It is a pleasure to serve under your chairmanship, Sir Edward. I would like to thank Mr Speaker for granting this debate and to welcome the Minister to her place. I also thank colleagues for joining me in this important debate, which touches on issues that affect all our constituents.
In South Leicestershire, we have a proposal—not unlike proposals in other constituencies—for a railway interchange. Let me first add some context. The plans for the Hinckley national rail freight interchange include the construction of an 850,000 square foot logistics hub to the south of the village of Elmesthorpe in my constituency. As a rail freight interchange, it will have the means to be serviced by freight trains as well as heavy goods vehicles. It will be built with access to the existing two-way railway line between Birmingham and Leicester, allowing for freight train entry, and with local road access for HGVs.
The planned site for the Hinckley rail hub would, in its totality, encompass 440 acres of land—for scale, that is about a quarter of the size of Gatwick airport. That area is currently beautiful, rolling south Leicestershire countryside. The site will neighbour the historic and picturesque county villages of Elmesthorpe, Stoney Stanton, Sapcote, Sharnford, Aston Flamville, Potters Marston, Croft, Huncote, Thurlaston and Wigston Parva—collectively and colloquially referred to as the Fosse villages.
My constituents in the Fosse villages contend with overburdened infrastructure at the best of times. There are already heavily congested roads in the area, many of which are narrow and winding and therefore quite unsuited to the levels of traffic that would be seen should this awful proposal be approved, given the HGV traffic entering the site and the alleged approximately 8,000 employees who would be trying to enter it for work.
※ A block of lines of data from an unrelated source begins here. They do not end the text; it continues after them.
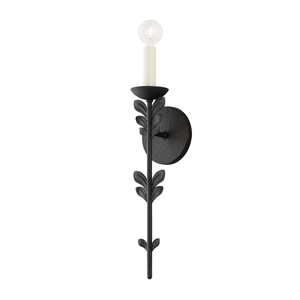 Florian Wall Sconce — a Troy wall sconce for bathrooms, hallways, and living rooms at Laurie Yapp Home.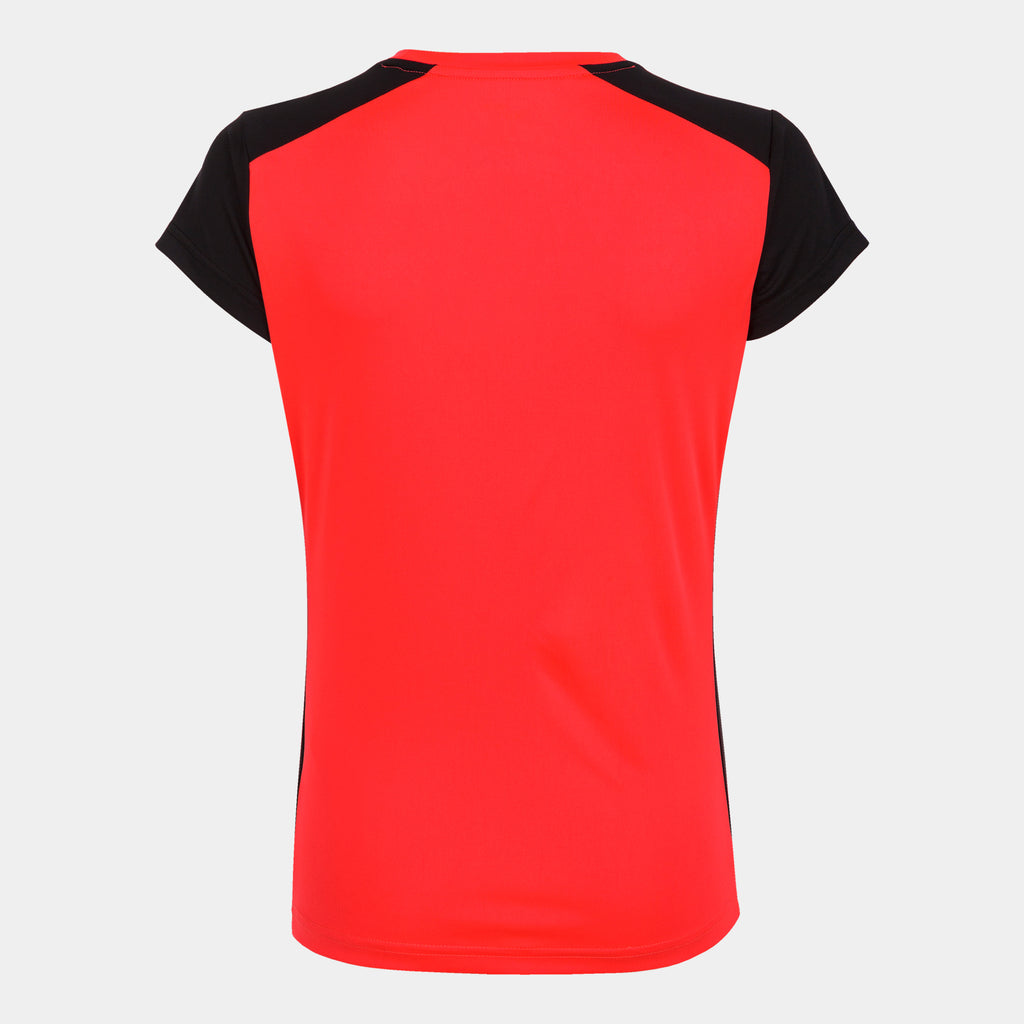 T-SHIRT RECORD II - CORALLO FLUO-NERO - CORALLO FLUO-NERO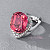  Ring with pink tourmaline and diamonds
My hon. Friend will be aware, because we have discussed this before, that a strategic rail freight interchange is under construction in my constituency of South Northamptonshire. Just as he has outlined, however, it covers an enormous area, including a greenfield site, and it borders beautiful villages and residential areas. In fact, now that it is starting to be built, it turns out that Network Rail cannot find the promised rail links that were part of the plan, and my constituents are saying to me, “We told you so. We said it would never be a rail freight interchange; it is just about yet more logistics warehousing.” I am grateful to my hon. Friend for allowing me to put that on the record, and I encourage him to fight against this until there is a proper national framework in place that can stop this type of development-led abuse of local communities.